A qualified art therapist helps clients benefit from a variety of positive experiences. Expression through art can help a client feel more in control of their life, raise self-esteem and help them find an expression for their pain or confusion. In addition to effectively communicating with others; the creation of art also helps the client gain better insight into themselves.
The goal of an art therapist is to improve the well-being of a client. While art therapy can benefit all people, it is found to be particularly effective with young people. Young boys or girls seeking art therapy may suffer from a wide range of mental or emotional problems.

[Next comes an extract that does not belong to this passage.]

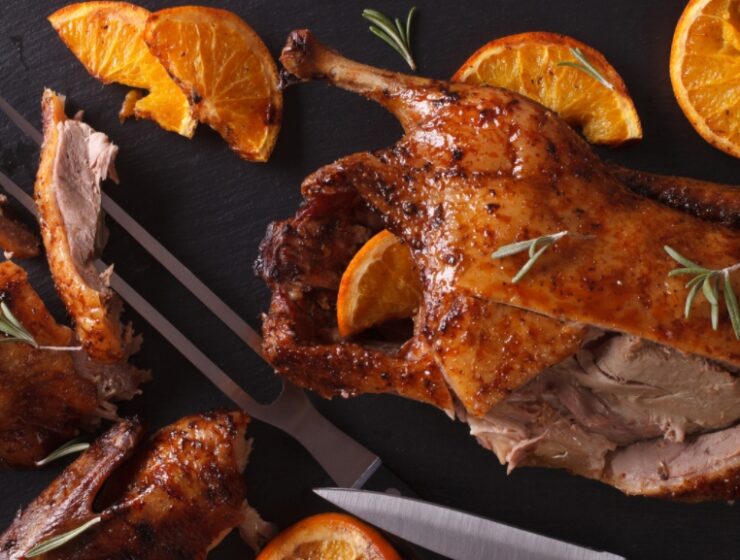 Slow roast duck with orange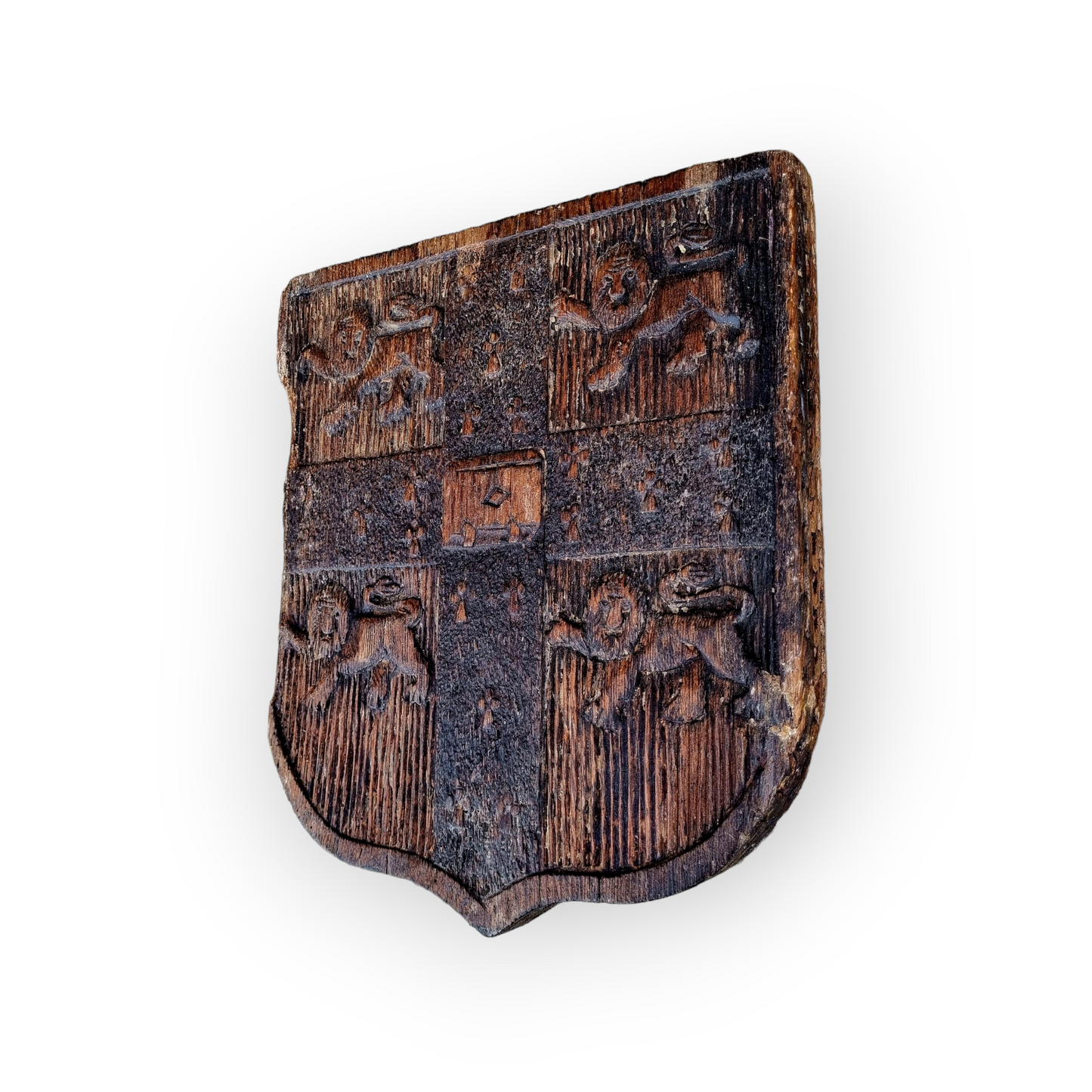 Early 18th Century English Antique Carved Pine Coat of Arms Representing Cambridge University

This form of therapy has been successful in helping children and teens cope with everyday stress, eating disorders, low self-esteem, abuse and other emotional and psychological disorders.
Those dealing with depression and stress disorders are found to greatly benefit from therapeutic care that integrates the art of painting, drawing or sculpture, as well as expression through music and songs, dance or drama.
Those entering an art therapy career are required to possess certain characteristics and traits. Professionals in this field should be excellent at communicating and listening. While they must be compassionate and non-judgmental; the therapist is also required to possess a certain degree of artistic talent. Along with being good at painting, drawing or sculpting, they should also be open to different forms and styles of artwork – including, music, dance and drama.